I guess they also make odorless charcoal? weird.

They do take more effort, (much more actually) to light than the timber based charcoal you use in the USA. A full chimney of heatbeads (and no way they will light using newspaper) lighting with 2 to 4 cubes, will take up to one hour to fully light.

But they do seem to last much longer. I am not a charcoal expert, so hopefully someone else here can step in.

The main ingredient is actually Brown Coal.

What are Heat Beads® BBQ Briquettes made of and how are they made?

The high quality of Heat Beads® BBQ Briquettes is because of the unique raw materials base used – a blend of hardwood charcoal and mineral carbon.

The mineral carbon is made by carbonising brown coal sourced from the La Trobe Valley near Melbourne, Australia at high temperatures to remove the volatile matter to give a high quality carbon with low impurities.

The coal has first been dried in a cogeneration plant using waste steam from a nearby power plant.
The coal is then heated to around 900°C in an oxygen free environment in a process known as ‘carbonisation’. This heating process results in a high purity carbon called char, which produces a long-burning and high quality product. No external process energy is required.
This product is sold as a reductant, not as a fuel, for high value metallurgical applications; the production of silicon metal and ferro-alloys in Scandinavia; and for activated carbon used in water filtration.
The fines are used in BBQ briquette manufacture.
The charcoal used in Heat Beads® BBQ Briquettes is the leftover fines from the production of high quality Eucalyptus hardwood lump charcoal, and would otherwise be waste.

Heat Beads® BBQ Briquettes also contain a binder, an oxidising agent and a filler. Each of these materials has a very specific purpose.

A binder is used to hold the briquettes together in the traditional pillow shape. The binder used is food grade starch –a high quality material that is responsible for ensuring the briquettes are hard and don’t crumble, making them burn for longer.
An oxidising agent is used to make the briquettes easier to light. Without it, the briquettes would take a long time to light and require more firelighters. The material used is a naturally occurring mineral that is slightly refined to remove impurities. It is entirely consumed in the light-up process – once the briquettes are fully alight (ashed over) the oxidising agent has burnt away.
A filler is added to our BBQ Briquettes to provide a thermal mass to hold the heat generated by the carbon burning. It is a naturally occurring mineral that undergoes no change during the burning process, but helps ensure Heat Beads® BBQ Briquettes burn hotter for longer.
Australian Char then blends and presses (briquettes) the char, charcoal and other ingredients into a superior barbecue fuel, tailored to the specific needs of the barbecuing public."

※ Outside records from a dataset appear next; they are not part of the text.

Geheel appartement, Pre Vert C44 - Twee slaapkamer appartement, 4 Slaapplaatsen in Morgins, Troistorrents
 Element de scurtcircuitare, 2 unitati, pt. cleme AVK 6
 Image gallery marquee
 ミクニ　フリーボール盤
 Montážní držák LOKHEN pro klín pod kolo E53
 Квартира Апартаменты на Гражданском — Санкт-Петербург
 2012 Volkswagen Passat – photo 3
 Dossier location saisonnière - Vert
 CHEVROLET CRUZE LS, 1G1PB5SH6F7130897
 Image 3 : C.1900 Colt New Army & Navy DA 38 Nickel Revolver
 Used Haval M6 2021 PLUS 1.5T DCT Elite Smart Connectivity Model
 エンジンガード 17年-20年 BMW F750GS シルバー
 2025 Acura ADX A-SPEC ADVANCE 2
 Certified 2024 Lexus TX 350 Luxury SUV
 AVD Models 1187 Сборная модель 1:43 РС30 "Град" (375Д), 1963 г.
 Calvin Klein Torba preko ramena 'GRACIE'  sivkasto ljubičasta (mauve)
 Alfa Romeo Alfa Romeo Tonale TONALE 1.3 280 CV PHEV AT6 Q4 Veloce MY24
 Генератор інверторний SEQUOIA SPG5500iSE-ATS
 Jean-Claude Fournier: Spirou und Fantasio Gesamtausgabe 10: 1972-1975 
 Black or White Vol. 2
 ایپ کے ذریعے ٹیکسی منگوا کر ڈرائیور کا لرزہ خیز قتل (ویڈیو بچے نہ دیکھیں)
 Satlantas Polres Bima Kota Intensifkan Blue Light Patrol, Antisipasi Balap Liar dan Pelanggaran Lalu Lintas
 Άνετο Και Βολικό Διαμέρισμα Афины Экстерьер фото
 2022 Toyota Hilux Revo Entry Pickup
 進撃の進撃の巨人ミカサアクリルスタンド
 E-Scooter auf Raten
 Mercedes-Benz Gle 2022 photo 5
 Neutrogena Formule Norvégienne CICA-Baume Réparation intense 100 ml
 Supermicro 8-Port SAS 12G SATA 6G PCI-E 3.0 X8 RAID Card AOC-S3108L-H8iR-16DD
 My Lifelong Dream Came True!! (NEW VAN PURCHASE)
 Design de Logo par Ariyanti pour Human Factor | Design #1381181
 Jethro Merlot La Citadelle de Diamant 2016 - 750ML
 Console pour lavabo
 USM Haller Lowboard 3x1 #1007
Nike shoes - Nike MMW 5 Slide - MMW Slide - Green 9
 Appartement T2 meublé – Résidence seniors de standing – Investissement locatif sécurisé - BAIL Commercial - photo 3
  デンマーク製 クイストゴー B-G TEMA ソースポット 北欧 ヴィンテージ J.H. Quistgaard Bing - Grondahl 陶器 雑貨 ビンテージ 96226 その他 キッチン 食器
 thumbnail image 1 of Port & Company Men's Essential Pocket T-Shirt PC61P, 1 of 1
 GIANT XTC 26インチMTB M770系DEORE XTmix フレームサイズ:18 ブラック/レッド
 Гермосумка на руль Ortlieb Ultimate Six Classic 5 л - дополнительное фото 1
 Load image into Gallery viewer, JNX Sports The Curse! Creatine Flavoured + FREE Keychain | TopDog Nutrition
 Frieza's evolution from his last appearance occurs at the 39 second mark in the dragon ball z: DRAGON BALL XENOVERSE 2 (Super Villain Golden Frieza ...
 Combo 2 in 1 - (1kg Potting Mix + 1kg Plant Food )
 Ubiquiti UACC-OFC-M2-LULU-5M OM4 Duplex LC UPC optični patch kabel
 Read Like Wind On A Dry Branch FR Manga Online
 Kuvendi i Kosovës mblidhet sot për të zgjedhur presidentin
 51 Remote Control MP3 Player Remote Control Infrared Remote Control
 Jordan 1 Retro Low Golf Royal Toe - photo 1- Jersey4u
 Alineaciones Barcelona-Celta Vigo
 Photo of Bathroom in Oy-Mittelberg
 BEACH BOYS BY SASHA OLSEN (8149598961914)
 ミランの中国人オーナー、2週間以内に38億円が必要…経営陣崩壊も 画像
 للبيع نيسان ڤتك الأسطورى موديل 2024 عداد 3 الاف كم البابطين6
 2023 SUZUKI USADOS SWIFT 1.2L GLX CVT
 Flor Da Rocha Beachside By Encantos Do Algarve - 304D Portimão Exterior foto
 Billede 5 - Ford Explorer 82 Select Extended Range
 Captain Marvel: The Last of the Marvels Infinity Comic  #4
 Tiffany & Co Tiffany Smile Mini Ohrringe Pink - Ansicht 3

I did a Pork Butt for easter in the mini, probably only used half the Heatbeads fuel I loaded after 9.5 hrs (windless day at 225F cooking temp)
Thanks for you thoughts guys . I've only had my wsm for a week the guy in the shop said heat beads are what I needed . Did some ribs at the weekend used a full chimney and half a chimney to lite . Temp was at 225 all day ribs took 6 hours I left the wsm on for another 6 hours and there was still unburnt coal in the pan . Think I'm going to stick with them they seem really easy to use.they cost me £21 for 16kg . Not going to use as many next time I do ribs
Oli - its a close run thing between Heat Beads and Weber Briquettes here in the UK - people fall one side or the other.
I'm a Weber guy - can keep my WSM 'in the zone' for 12 hours + on one set of briquettes
I used to be a Weber guy, but have turned to using the Heat Beads. (The main reason being that I can set my Bullet up the same way every cook. Plus, there is next to nothing broken briqs & minimal dust).
I saw on the heatbeads website that BBQ galore sells them. I may call to see since I have one a few miles from my house but I'm really happy with lump charcoal now. It lasts longer than all my cooks and I end up reusing it next time. I do love trying new things though, even though I really don't need to.
Last edited:
I see they don't export to the USA. I guess there is too much competition from US home-grown brands, & it would be hard to break into the market.

Pity, as these are all I have been using for quite a while, & I'm impressed with them.